— Instructions to follow —
Take the material below and output exactly the run of lines from the one containing "Set rafturi de" down to the one containing "Meilleure grande soeur", with both included.

— Exercise data —
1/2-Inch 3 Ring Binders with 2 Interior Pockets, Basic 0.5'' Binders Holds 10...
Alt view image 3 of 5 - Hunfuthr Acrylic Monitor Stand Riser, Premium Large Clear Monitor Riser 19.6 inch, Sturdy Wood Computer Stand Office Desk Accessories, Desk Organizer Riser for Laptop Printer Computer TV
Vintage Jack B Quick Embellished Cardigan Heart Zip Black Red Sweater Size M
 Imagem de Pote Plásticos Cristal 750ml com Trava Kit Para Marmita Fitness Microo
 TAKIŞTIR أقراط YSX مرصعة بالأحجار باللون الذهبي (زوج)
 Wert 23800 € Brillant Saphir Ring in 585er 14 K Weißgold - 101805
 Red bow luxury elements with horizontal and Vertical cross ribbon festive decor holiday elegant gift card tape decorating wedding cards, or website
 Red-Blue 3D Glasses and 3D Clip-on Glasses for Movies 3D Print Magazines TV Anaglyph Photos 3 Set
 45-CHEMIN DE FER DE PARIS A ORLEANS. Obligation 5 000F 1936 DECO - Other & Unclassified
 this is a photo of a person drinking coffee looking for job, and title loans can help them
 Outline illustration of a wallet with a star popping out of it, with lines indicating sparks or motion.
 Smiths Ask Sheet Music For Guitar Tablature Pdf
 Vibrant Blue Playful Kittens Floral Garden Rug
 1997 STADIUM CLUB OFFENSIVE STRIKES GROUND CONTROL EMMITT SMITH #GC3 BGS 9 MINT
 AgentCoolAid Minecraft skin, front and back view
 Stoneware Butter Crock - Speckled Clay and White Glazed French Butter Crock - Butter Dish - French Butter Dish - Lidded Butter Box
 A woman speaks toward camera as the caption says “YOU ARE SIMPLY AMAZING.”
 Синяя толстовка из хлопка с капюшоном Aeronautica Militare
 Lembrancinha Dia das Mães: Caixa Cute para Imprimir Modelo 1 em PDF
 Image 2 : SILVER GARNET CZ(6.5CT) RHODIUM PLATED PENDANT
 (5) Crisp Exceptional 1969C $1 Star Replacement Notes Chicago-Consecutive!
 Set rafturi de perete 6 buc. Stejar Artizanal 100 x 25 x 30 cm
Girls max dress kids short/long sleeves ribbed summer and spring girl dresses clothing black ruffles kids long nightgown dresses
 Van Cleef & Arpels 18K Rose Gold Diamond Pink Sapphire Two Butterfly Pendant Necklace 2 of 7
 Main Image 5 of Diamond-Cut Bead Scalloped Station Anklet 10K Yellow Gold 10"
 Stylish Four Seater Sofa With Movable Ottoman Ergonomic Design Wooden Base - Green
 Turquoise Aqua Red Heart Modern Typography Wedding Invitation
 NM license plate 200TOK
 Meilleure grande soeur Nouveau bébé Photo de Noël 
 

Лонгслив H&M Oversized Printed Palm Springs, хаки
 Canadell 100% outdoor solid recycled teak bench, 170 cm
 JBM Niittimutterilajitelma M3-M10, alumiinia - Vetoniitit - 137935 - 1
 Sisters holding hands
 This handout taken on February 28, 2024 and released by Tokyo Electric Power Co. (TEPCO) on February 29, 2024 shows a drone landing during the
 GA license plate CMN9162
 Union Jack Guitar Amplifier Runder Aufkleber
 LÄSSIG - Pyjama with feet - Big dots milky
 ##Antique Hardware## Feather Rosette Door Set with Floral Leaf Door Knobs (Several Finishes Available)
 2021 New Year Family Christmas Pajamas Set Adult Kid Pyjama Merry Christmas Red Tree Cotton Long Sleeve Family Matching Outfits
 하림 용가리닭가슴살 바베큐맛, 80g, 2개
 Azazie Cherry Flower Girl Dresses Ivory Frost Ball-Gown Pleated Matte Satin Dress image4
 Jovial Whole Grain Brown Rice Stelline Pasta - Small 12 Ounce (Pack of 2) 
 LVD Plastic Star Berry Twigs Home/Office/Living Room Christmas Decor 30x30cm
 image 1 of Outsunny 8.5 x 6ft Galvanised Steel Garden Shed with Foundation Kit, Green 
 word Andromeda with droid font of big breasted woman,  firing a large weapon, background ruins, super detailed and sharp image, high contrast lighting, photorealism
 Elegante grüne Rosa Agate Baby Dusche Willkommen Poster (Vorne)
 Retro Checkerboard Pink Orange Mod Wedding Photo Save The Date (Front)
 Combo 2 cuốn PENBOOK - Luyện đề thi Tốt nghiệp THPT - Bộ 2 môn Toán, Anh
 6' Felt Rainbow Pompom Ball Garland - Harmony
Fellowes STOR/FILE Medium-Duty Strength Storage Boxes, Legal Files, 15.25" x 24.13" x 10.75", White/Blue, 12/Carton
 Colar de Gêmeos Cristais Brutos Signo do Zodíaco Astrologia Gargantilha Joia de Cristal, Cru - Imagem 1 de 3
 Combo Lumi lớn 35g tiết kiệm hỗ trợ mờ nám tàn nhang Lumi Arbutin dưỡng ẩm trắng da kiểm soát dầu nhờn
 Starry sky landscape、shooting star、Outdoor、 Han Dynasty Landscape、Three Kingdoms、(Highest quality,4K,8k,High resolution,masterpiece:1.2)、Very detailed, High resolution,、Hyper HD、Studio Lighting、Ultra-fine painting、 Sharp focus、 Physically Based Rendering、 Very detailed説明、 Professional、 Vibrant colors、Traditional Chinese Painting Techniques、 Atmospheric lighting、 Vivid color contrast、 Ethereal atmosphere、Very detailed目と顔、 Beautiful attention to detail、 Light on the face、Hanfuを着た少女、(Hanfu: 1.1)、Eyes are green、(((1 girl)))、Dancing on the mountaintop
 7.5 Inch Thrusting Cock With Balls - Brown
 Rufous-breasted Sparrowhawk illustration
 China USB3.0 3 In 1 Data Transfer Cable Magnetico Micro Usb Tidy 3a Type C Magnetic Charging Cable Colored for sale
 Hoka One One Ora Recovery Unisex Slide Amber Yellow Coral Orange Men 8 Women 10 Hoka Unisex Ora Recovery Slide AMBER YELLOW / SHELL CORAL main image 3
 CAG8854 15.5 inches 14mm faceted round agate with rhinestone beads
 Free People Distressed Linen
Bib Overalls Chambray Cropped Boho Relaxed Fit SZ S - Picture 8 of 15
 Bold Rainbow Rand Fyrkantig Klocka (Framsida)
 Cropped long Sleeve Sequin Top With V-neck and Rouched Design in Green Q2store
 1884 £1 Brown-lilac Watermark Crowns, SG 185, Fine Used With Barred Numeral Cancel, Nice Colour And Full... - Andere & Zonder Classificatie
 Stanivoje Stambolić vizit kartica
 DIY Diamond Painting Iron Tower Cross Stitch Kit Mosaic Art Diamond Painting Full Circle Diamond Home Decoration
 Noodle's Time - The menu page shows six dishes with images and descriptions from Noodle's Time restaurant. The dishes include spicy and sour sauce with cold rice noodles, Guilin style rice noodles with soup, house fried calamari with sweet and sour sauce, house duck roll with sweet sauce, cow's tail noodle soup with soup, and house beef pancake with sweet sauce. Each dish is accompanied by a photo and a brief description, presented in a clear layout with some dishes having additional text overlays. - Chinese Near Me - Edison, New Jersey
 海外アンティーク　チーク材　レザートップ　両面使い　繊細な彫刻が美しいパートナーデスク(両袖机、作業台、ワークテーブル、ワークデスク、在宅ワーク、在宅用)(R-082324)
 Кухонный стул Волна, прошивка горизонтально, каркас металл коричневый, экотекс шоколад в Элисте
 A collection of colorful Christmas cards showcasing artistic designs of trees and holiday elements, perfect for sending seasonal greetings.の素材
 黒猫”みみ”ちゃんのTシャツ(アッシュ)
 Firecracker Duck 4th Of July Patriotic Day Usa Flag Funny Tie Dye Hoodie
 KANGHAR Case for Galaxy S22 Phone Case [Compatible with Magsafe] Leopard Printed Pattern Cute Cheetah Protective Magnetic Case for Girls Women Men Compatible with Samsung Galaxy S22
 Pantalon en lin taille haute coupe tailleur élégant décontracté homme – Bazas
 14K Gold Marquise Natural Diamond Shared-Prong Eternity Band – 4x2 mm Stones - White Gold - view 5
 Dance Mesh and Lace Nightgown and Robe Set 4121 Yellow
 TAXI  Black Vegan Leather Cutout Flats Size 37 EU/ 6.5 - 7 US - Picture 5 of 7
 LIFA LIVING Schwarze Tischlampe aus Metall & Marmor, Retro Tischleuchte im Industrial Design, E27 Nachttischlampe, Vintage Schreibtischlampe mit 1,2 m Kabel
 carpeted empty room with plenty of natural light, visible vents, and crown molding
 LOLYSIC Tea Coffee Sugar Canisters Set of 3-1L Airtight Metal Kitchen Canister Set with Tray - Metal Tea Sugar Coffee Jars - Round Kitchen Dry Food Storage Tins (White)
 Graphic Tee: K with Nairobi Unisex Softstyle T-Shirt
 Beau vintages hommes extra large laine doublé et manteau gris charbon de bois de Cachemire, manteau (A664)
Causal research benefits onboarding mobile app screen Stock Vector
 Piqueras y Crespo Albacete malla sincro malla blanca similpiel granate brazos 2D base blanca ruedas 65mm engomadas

— Output for this task —
 Set rafturi de perete 6 buc. Stejar Artizanal 100 x 25 x 30 cm
Girls max dress kids short/long sleeves ribbed summer and spring girl dresses clothing black ruffles kids long nightgown dresses
 Van Cleef & Arpels 18K Rose Gold Diamond Pink Sapphire Two Butterfly Pendant Necklace 2 of 7
 Main Image 5 of Diamond-Cut Bead Scalloped Station Anklet 10K Yellow Gold 10"
 Stylish Four Seater Sofa With Movable Ottoman Ergonomic Design Wooden Base - Green
 Turquoise Aqua Red Heart Modern Typography Wedding Invitation
 NM license plate 200TOK
 Meilleure grande soeur Nouveau bébé Photo de Noël 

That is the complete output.